Satirical horror tabletop role-playing game

Triangle Agency is a satirical horror tabletop role-playing game about employees at a secretive and oppressive corporation. It has a metatextual instruction book written in the style of a company handbook. Triangle Agency was designed by Caleb Zane Huett and Sean Ireland. Haunted Table Games published it in 2024 after raising $379,602 on Kickstarter. Triangle Agency was inspired by the video game Control, the book House of Leaves, the movie The Matrix, and the TV show The X-Files.

== Gameplay ==
Triangle Agency is designed for campaigns of 10–15 sessions. The player characters are Resonants, people who have bonded with supernatural entities called Anomalies. To create characters, players select strange abilities granted by their Anomalies, as well as their jobs at the corporation and interpersonal relationships that allow players to introduce NPCs. The session structure is based on procedural dramas.

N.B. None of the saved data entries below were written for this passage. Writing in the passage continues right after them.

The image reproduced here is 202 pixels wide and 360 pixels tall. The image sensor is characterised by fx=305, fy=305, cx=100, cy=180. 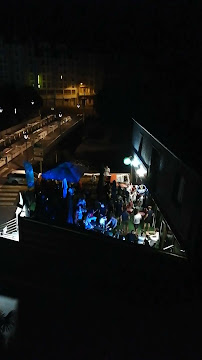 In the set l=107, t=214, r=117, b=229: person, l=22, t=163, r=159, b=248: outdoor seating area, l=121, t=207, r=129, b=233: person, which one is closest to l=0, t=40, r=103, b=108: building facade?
l=22, t=163, r=159, b=248: outdoor seating area

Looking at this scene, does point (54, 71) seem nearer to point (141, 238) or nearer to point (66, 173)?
point (66, 173)

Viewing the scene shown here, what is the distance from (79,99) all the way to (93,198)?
6442 cm

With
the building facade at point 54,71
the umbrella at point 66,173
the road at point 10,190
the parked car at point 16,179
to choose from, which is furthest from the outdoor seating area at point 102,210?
the building facade at point 54,71

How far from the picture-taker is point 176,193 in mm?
9461

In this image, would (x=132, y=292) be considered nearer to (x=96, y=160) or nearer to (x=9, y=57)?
(x=96, y=160)

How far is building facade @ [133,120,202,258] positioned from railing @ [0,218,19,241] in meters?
5.73

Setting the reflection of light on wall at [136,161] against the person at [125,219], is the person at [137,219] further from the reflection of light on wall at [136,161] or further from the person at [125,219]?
the reflection of light on wall at [136,161]

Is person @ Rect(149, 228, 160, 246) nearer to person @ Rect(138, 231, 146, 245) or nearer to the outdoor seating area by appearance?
the outdoor seating area

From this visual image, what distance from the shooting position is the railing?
1210cm

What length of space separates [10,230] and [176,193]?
6998 millimetres

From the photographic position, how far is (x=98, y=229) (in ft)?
36.9

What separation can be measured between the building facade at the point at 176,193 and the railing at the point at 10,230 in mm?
5732

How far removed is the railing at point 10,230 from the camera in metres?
12.1

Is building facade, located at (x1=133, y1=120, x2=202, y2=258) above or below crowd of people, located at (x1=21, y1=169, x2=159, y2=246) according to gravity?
above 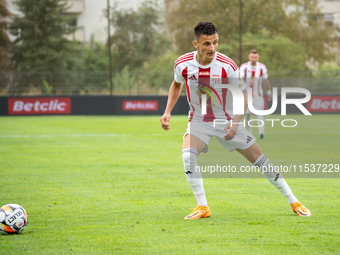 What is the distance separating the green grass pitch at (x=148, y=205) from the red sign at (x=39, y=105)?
1281 cm

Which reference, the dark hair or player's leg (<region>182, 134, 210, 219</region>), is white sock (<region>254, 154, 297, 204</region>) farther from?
the dark hair

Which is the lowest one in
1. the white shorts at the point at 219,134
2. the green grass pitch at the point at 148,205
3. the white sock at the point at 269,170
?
the green grass pitch at the point at 148,205

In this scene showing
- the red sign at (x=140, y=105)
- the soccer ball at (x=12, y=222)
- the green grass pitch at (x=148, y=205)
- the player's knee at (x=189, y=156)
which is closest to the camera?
the green grass pitch at (x=148, y=205)

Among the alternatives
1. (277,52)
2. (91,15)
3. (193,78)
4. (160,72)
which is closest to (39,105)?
(160,72)

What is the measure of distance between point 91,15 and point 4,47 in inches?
334

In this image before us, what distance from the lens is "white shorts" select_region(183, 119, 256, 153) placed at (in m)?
5.04

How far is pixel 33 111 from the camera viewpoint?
2377 centimetres

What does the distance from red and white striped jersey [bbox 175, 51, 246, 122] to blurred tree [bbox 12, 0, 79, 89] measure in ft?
64.2

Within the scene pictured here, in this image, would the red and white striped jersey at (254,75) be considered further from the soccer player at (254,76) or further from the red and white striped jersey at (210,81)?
the red and white striped jersey at (210,81)

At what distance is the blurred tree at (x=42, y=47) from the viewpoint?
2422 cm

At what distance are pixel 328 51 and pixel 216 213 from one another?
24743 mm

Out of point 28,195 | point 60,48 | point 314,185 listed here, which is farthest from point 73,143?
point 60,48

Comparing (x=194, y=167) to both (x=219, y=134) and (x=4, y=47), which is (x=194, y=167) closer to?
(x=219, y=134)

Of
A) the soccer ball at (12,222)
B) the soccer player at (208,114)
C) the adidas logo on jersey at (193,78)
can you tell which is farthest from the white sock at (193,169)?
the soccer ball at (12,222) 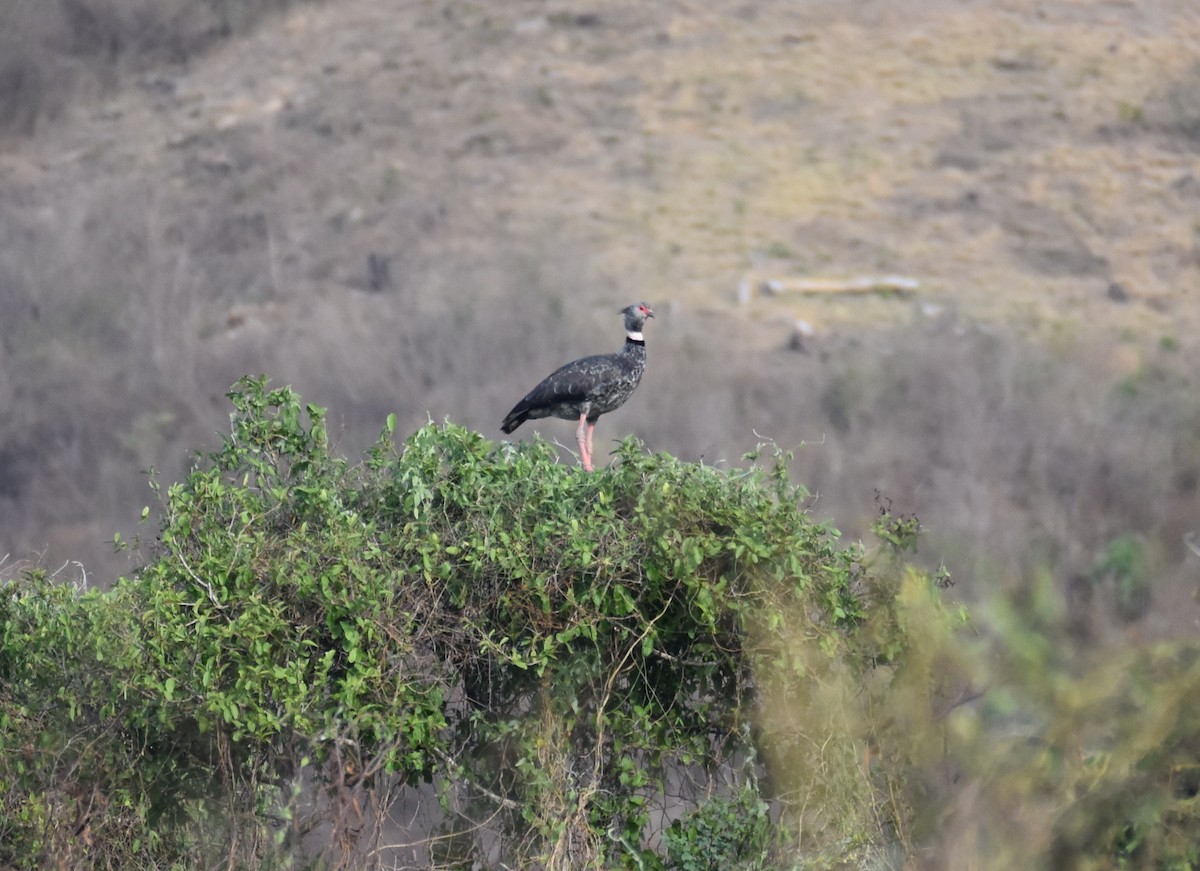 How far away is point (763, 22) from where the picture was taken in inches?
1353

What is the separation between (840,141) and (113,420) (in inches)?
569

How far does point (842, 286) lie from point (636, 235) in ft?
13.1

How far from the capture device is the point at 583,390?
33.1ft

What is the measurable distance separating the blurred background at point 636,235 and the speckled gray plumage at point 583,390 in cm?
1111

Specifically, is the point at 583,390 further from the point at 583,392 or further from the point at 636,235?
the point at 636,235

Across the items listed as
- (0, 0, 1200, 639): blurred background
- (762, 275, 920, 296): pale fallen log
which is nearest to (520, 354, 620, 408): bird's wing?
(0, 0, 1200, 639): blurred background

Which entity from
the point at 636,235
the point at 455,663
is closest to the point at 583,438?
the point at 455,663

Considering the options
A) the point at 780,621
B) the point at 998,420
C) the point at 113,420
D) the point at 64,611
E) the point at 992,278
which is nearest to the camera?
the point at 780,621

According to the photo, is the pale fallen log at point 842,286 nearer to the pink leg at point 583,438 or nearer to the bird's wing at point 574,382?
the pink leg at point 583,438

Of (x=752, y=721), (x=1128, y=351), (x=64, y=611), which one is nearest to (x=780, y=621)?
(x=752, y=721)

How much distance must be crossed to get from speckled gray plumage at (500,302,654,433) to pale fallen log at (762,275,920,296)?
60.9ft

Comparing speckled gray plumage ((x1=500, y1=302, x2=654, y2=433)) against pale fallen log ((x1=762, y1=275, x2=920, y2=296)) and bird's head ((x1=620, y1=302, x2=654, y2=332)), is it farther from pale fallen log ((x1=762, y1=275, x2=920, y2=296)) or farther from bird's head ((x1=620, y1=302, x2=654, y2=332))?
pale fallen log ((x1=762, y1=275, x2=920, y2=296))

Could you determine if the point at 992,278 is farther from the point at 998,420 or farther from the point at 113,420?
the point at 113,420

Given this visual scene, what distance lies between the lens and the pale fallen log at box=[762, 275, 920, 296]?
28578 millimetres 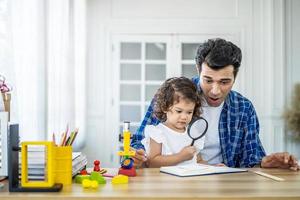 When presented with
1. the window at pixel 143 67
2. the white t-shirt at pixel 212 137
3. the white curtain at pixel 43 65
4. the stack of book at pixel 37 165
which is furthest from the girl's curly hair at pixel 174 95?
the window at pixel 143 67

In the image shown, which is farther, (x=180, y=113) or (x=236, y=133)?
(x=236, y=133)

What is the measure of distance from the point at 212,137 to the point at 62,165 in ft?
3.69

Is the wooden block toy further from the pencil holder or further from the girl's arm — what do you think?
the girl's arm

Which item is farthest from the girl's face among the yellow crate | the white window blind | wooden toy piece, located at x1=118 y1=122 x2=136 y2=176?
the white window blind

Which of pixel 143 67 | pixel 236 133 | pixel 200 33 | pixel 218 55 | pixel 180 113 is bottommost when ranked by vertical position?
pixel 236 133

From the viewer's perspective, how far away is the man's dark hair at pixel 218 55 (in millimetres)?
2301

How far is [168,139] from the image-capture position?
2.26 metres

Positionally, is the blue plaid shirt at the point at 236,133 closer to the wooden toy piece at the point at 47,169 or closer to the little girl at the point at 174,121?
the little girl at the point at 174,121

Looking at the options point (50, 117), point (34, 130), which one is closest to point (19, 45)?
point (34, 130)

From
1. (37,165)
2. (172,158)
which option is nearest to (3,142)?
(37,165)

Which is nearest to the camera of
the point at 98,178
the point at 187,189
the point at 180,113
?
the point at 187,189

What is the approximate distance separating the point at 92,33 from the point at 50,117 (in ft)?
8.59

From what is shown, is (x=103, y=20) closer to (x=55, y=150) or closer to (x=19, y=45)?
(x=19, y=45)

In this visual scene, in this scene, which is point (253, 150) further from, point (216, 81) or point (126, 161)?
point (126, 161)
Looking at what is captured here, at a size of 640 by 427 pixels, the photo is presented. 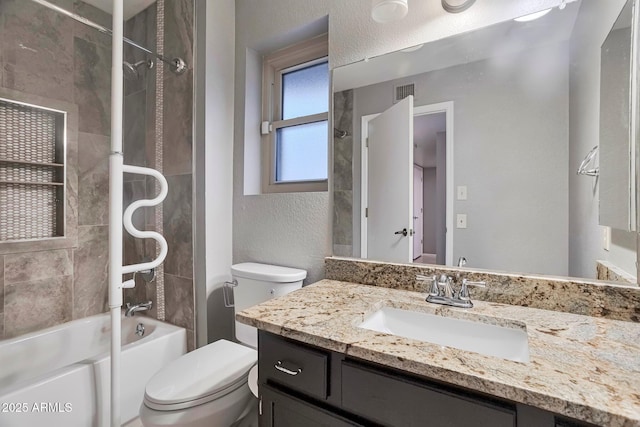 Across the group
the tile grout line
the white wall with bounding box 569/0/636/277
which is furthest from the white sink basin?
the tile grout line

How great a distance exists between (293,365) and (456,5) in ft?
4.63

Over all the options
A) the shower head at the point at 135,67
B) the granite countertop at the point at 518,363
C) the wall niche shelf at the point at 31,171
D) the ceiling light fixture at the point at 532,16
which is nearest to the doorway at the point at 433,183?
the granite countertop at the point at 518,363

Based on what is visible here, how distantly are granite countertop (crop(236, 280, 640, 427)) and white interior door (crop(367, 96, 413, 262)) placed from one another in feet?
0.98

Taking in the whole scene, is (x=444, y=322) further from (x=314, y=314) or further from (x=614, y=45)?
(x=614, y=45)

The goal of each session is to deal with uncontained Anomalies (by capturing or destroying them), or to eliminate existing evidence of Anomalies. The dice system uses a pool of 6 four-sided dice; the roll is a success if the pool contains at least one 3. Failures give the gamemaster chaos points for adding complications.

== Literary style ==
The designers call the game's genre "corporate horror." The book uses a metatextual literary style in which the fictional corporation refers to the game itself as the company's creation. The instruction book has multiple unreliable narrators. According to the book, the players are actually employees at the corporation and hallucinating their real lives. These elements were influenced by House of Leaves and The Matrix.

== Reception ==

Rowan Zeoli for Polygon called Triangle Agency "the best game I've ever read" writing: The punchline-per-page ratio is astronomical. Woven into every paragraph is some comedic dissection of the ways corporations ask their employees to sacrifice their lives for the good of the company. [...] At every opportunity the physical text of Triangle Agency works to evoke the absurd horror of working under late-stage capitalism, while never letting its lofty concept run away with its playability.Aaron Boehm for Bloody Disgusting praised the GM materials and game mechanics, writing:From top to bottom, Triangle Agency is a special game. It gives you the tools to build compelling and multilayered characters while encouraging creative problem solving over direct confrontation, and all within one of the most thematically consistent and compelling rulebooks I’ve seen in quite some time. Samantha Nelson for Polygon named Triangle Agency as one of the best new tabletop RPG books of 2024, calling it "One of the funniest TTRPG rulebooks out there" and writing that "The focus on how will affects reality also makes it one of the better manifestations of collaborative storytelling."